=== Exercise data ===

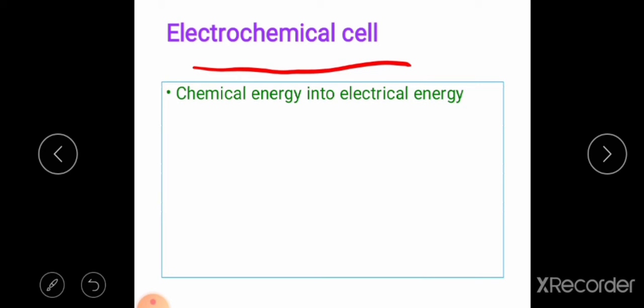Today we are going to discuss about electrochemical cells. In 8th standard, you all studied about electrochemical cells. Electrochemical cells are devices that convert chemical energy into electrical energy. There are different varieties of electrochemical cells, like dry cell, mercury cell, lithium ion cell, and nickel cadmium cell.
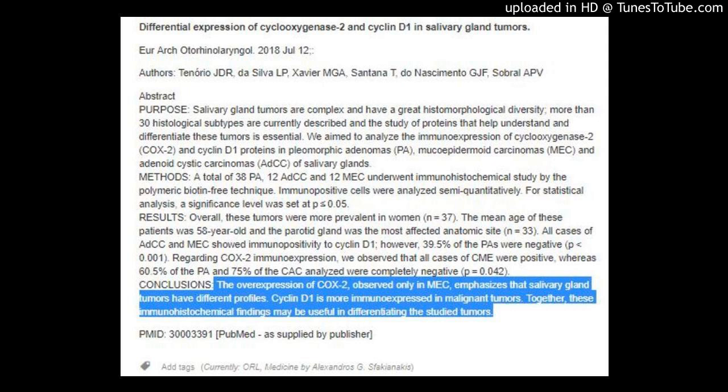Methods: A total of 38 PA, 12 ADCC, and 12 MEC underwent immunohistochemical study by the polymeric biotin-free technique. Immunopositive cells were analyzed semi-quantitatively. For statistical analysis, a significance level was set at P less than or equal to 0.05.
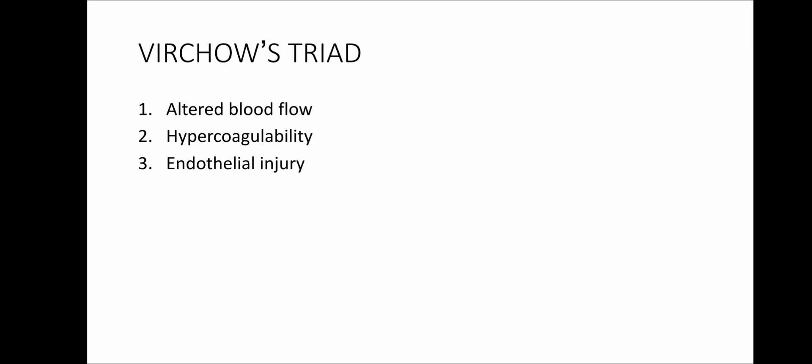Now, endothelial damage. An example for endothelial damage is smoking, while hypercoagulability can either be hereditary or acquired. An example for hereditary cause of hypercoagulability is protein C deficiency, while acquired cause is pregnancy.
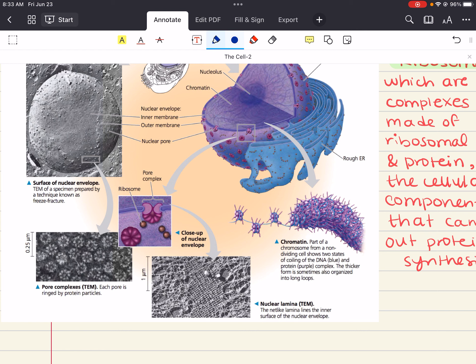Ribosomes are complexes made out of ribosomal RNA and protein. They are cellular components that carry out protein synthesis. The genes encoded in your chromosomes code for certain proteins, and your ribosomes are the cellular components that carry out that protein synthesis. The process of going from DNA in the nucleus to the formation of proteins includes replication, transcription, and translation, which we're going to cover in depth later down the line.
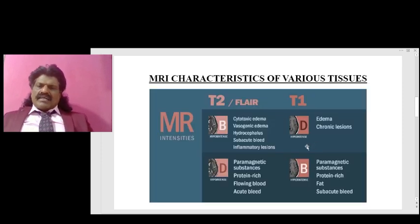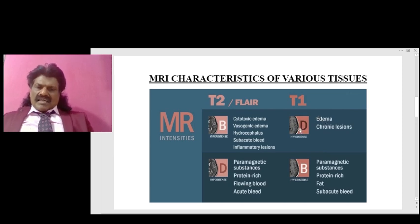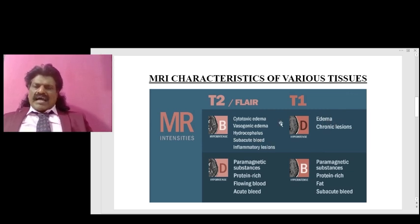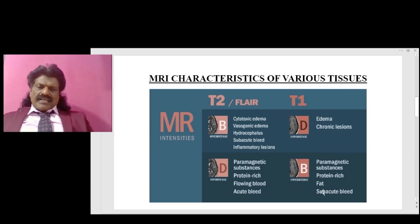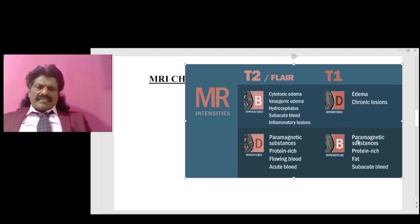To summarize: most lesions — including edema, chronic lesions, cytotoxic edema, vasogenic edema, hydrocephalus, and inflammatory lesions — are dark or hypointense on T1 and bright or hyperintense on T2. The exceptions are subacute bleed, which appears bright on T1 and hypointense on T2, and other paramagnetic substances: protein-rich fluid, fat, and flowing blood.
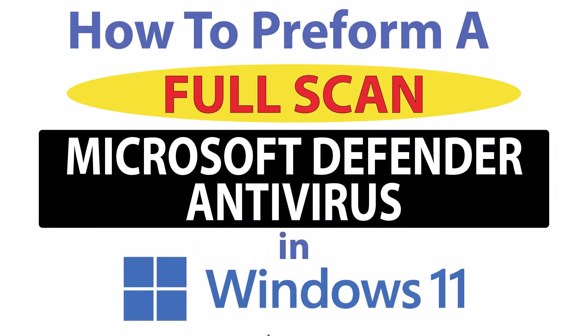This is going to be a video tutorial on how to perform a full scan using the Microsoft Defender antivirus in Windows 11.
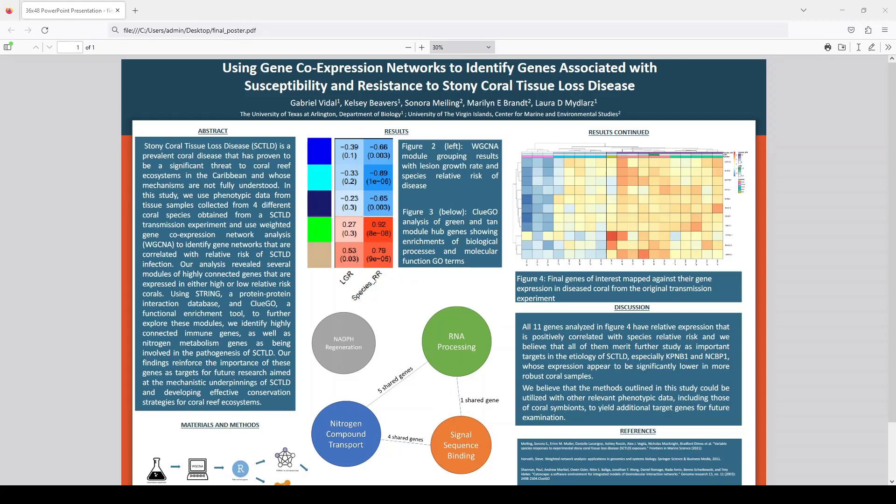In this study, we're trying to figure out why some species of corals are more vulnerable than other species, and we're trying to figure out which genes are responsible for those differences in susceptibility.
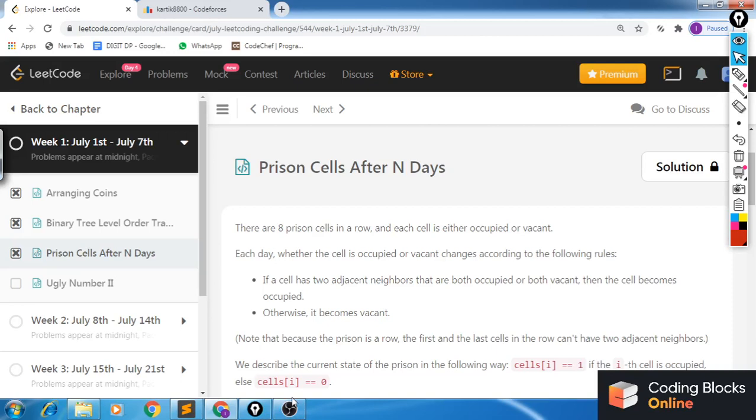Hi guys, this is Karthik Arula and in this video I will be discussing the third problem of the LeetCode July challenge, that is 'Prison Cells After N Days'.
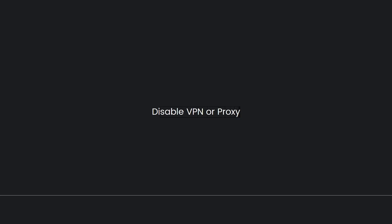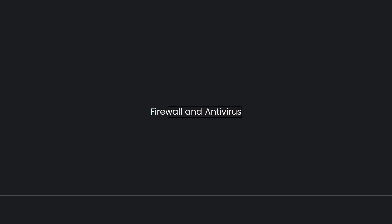Firewall and antivirus: check if your firewall and antivirus software is blocking the game connection. You might need to add the game as an exception.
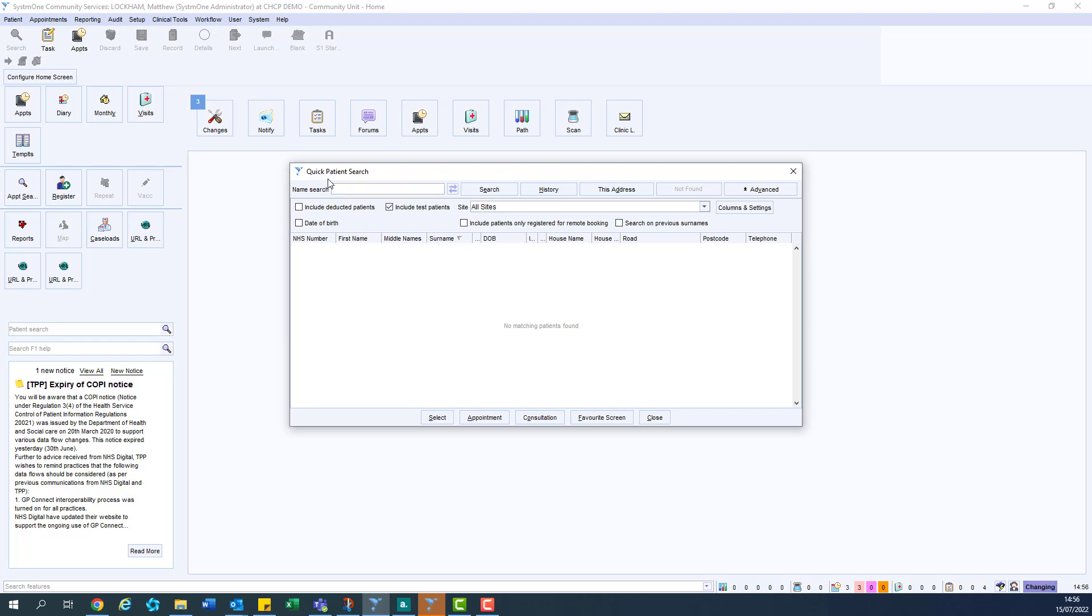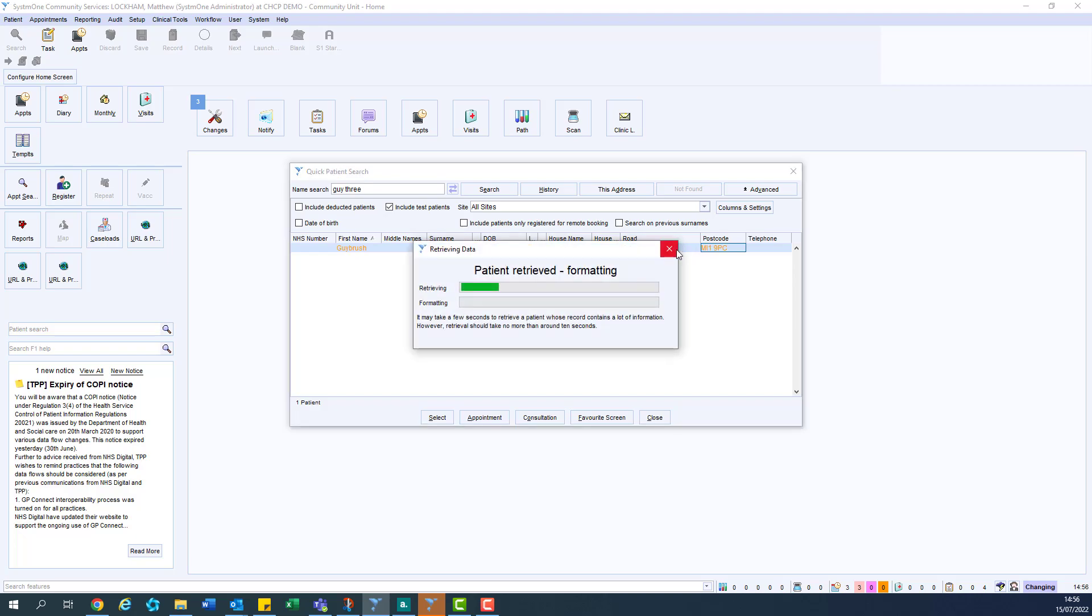Now that we have selected to show test patients, we can go ahead and search for our test patient. Once the matching patient has been found, you will notice that his name is in orange. This means it's a test patient; a standard patient will be in black text.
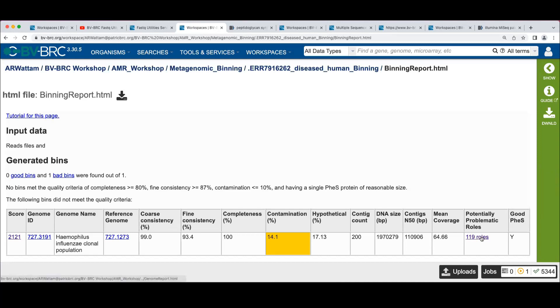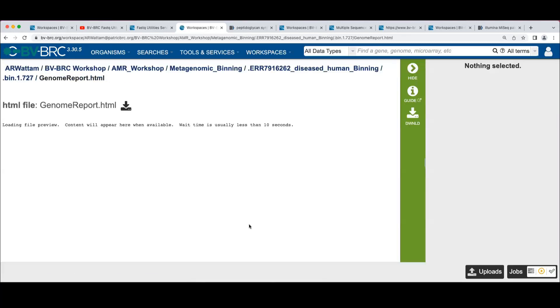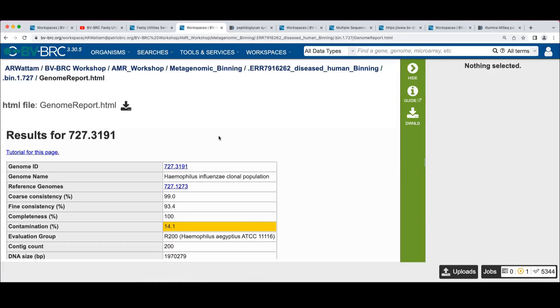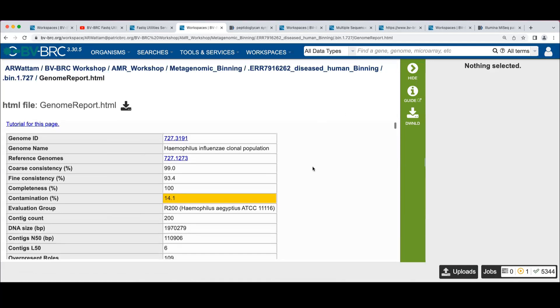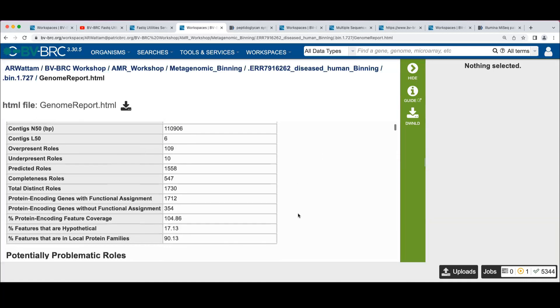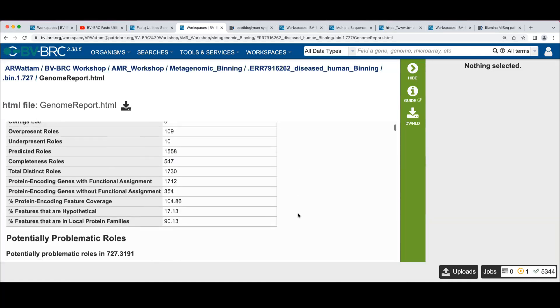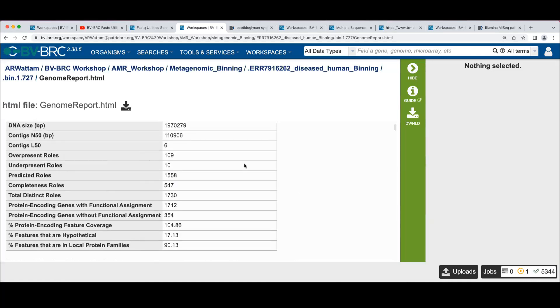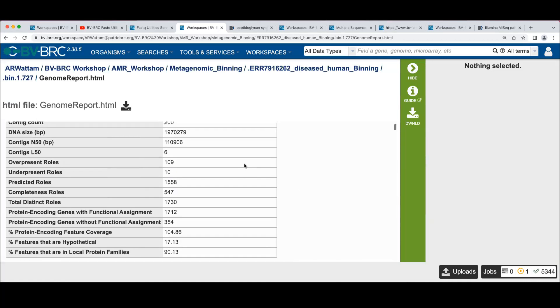That takes us to the report page for the genome. And I'll get into where this shows up in a sec. This sort of recapitulates the information we saw before with some more information that comes out of the predictor. So this data comes from the same predictor that came up with the consistency numbers.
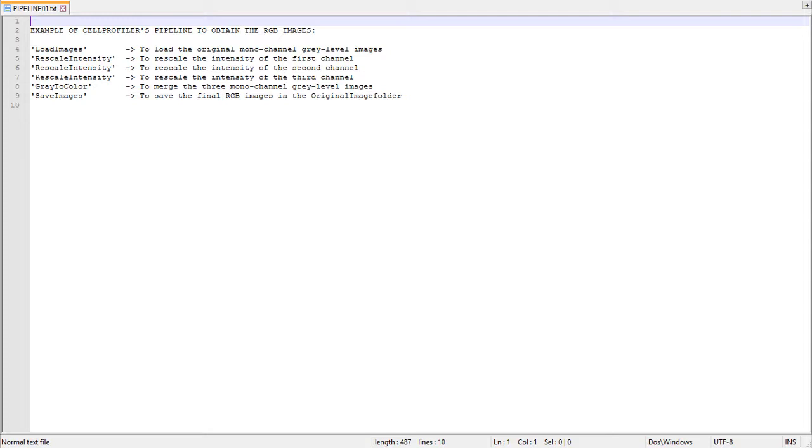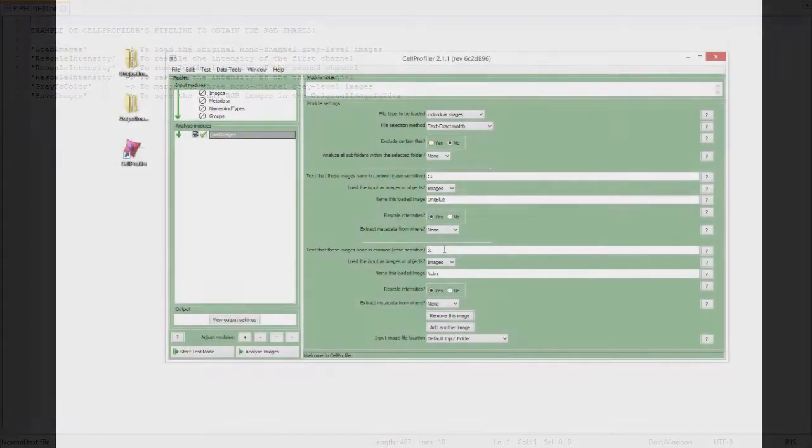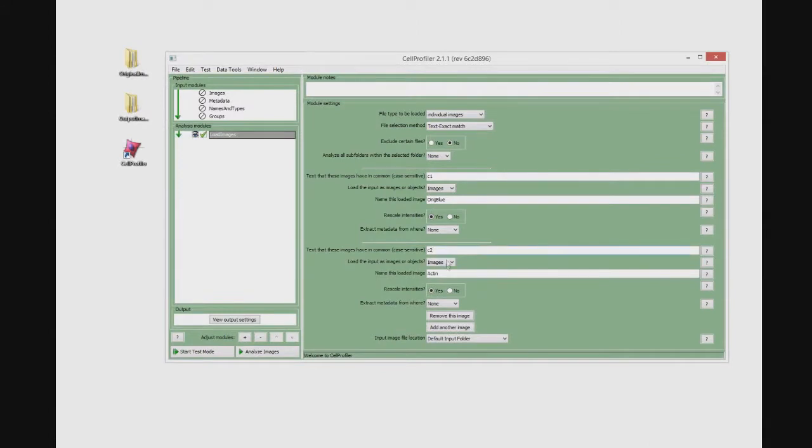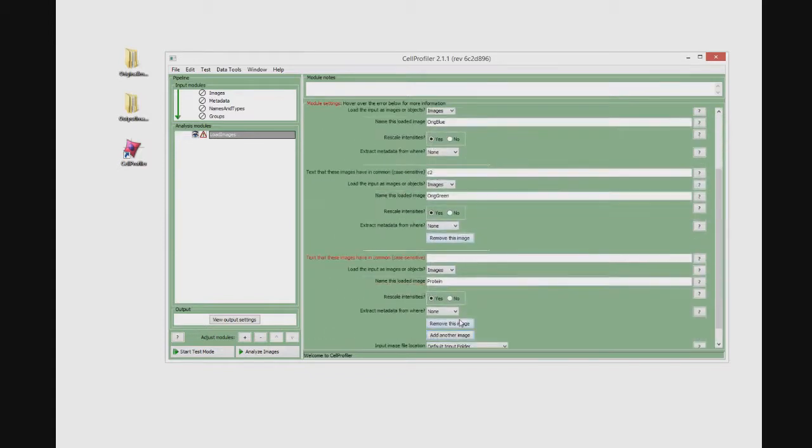Practically, you should simply create a pipeline to load the original images, rescale the intensity, merge the channels, and save the image. Let us do that. We will impose the nuclear staining as blue channel, the cytoplasmatic one as green channel, and a protein expression signal as red.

===

## [Prompt]
When you reach the line with "Now that we" in the records above, begin repeating the lines exactly, and stop after the line with "That takes us". Skip all pictures.

## [Result]
Now that we have selected to show test patients, we can go ahead and search for our test patient. Once the matching patient has been found, you will notice that his name is in orange. This means it's a test patient; a standard patient will be in black text.
That takes us to the report page for the genome. And I'll get into where this shows up in a sec. This sort of recapitulates the information we saw before with some more information that comes out of the predictor. So this data comes from the same predictor that came up with the consistency numbers.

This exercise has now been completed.